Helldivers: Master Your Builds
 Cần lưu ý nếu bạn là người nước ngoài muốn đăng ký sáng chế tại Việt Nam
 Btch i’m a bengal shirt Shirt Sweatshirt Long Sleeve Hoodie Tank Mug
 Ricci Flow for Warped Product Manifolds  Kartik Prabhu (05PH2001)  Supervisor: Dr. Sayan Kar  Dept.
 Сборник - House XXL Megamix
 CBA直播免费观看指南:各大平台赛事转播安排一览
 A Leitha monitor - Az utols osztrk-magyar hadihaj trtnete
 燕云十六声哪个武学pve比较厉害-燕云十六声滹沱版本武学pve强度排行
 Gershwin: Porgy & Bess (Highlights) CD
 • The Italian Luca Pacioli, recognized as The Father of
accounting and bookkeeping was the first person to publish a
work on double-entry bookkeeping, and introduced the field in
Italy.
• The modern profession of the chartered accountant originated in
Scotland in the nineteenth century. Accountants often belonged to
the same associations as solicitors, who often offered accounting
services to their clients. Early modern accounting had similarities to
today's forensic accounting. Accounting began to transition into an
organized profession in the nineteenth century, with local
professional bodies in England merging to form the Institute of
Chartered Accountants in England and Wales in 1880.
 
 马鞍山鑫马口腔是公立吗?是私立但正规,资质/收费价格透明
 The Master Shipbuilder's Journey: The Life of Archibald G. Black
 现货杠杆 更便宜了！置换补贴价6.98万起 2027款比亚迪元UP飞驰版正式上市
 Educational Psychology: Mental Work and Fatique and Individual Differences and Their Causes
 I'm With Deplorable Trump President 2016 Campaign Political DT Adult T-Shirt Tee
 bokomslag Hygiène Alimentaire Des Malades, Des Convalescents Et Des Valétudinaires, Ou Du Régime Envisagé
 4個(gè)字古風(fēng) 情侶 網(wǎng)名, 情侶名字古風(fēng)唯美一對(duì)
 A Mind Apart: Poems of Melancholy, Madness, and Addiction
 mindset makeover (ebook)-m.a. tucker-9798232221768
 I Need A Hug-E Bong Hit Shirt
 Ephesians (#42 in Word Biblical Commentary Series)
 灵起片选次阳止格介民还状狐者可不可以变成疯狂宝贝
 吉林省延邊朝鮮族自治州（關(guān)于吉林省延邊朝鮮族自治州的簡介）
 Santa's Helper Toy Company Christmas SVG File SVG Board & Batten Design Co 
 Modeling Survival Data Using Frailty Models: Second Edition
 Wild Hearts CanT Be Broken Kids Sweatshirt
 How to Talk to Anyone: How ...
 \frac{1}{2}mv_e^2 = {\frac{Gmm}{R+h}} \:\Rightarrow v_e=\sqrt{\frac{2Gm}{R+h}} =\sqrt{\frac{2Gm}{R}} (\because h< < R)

________________

> [ASSIGNED TASK]: Wherever the word "bookkeeping" appears in the listing above, copy the whole line.

> [THE ANSWER]:
accounting and bookkeeping was the first person to publish a
work on double-entry bookkeeping, and introduced the field in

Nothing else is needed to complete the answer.